In one such case I was in great doubt. The mistress was very young and very pretty. She had light hair and blue eyes, and it follows that she was very nervous. I cannot say that her school did very well. I think it was deficient in Arithmetic: but she was very charming. Should the parchment be issued? My Assistant was susceptible, and soft-hearted: he pleaded for her: she was all alone in this country school: her Certificate examination at Whitelands—one of the leading Colleges—showed that she had plenty of brains: she had done her best, and she would improve. Finally I gave way, and suggested as the endorsement: “Miss X. is a pretty fair teacher.” He agreed rapturously, and so it was written. But the next year my chief visited the school, and according to custom called for the parchment. And (so the assistant told me) when he read the entry, and caught sight of the “pretty, fair” one in front of her class, it smote him suddenly, and he retreated hastily to the Infants’ class-room.

All endorsements are now abolished; I am not sure whether there is even a parchment certificate. It is many years since I saw one.

Oh, Miss O’Flaherty! do you remember your bon mot at St. Petronius’ school? I asked, you know, whether you had any poetry to say as part of the examination for your certificate, and you replied with a twinkle of your Irish eyes: “I’ve got all the certificates I want—(and you added softly)—except one.”

CHAPTER XXIV
SINGING

“I will but teach them to sing, and restore them to the owner.”
Much Ado.

The ordinary work of school inspection is not exciting to an outside spectator. There is nothing in the Three R’s to quicken the pulse, or to raise the temperature. Grammar, geography, history only seem to produce profound thankfulness in the onlooker’s mind, that he is not on the rack; there may be absurd answers, but if he laughs, the effect on the children may be disastrous. For varied interest of a mild kind, I should recommend composition and natural history. Ladies like needlework. Some can stand with a sweet smile on their faces while the children sing. Here, then, are four subjects upon which something may be said.

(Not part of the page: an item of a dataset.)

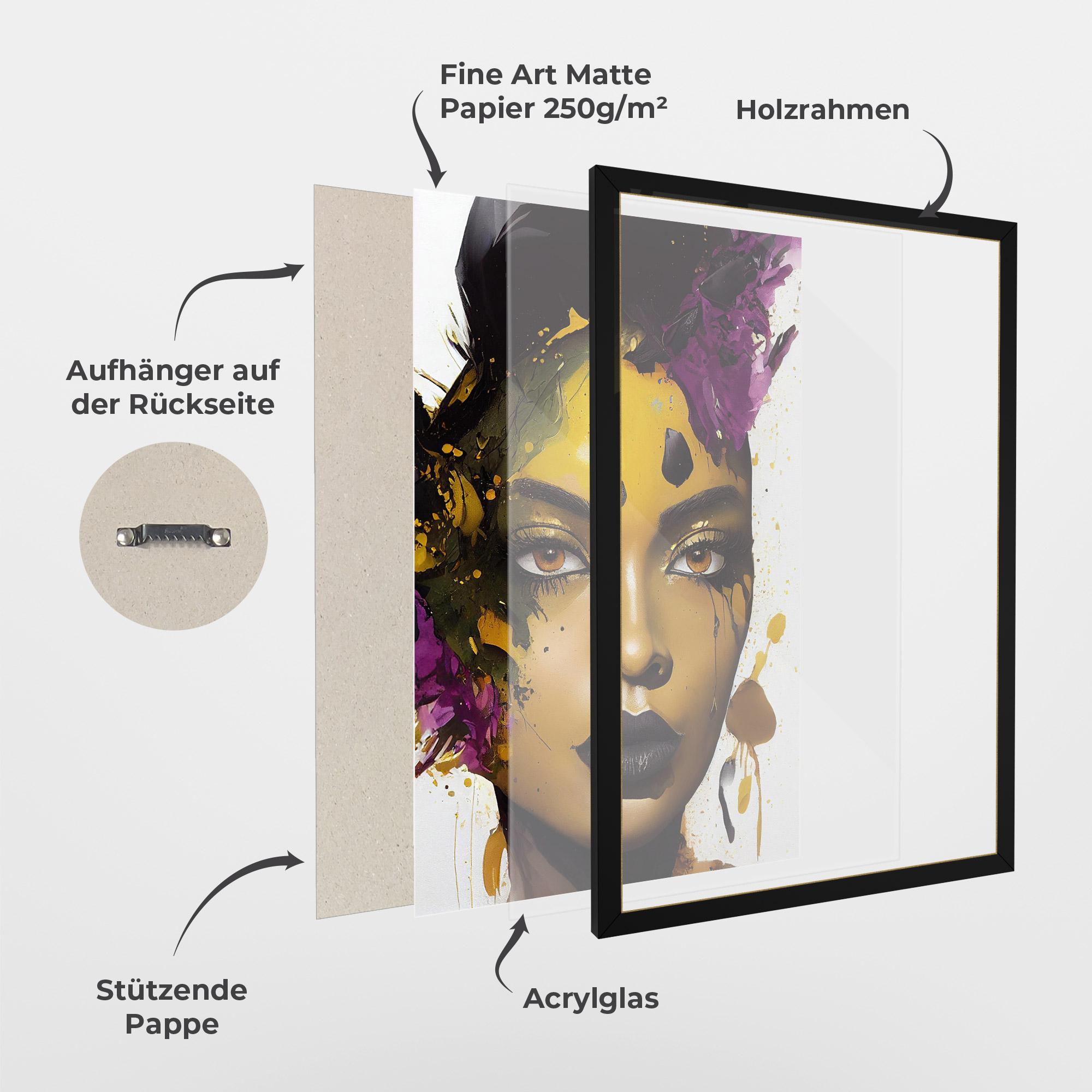 Gerahmte Poster Yellow Black Lips Makeup mockup 1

The list of accomplishments that I do not possess would be lengthy. But on the credit side I may put music—up to Standard III. That is not an exalted boast, but it places me far ahead of many of my old colleagues. I could look over a music paper, if it was not Tonic Sol-fa, and when the children sang school songs with the view of getting the Government Grant of 6d. or 1s., I was able to make quite valuable remarks.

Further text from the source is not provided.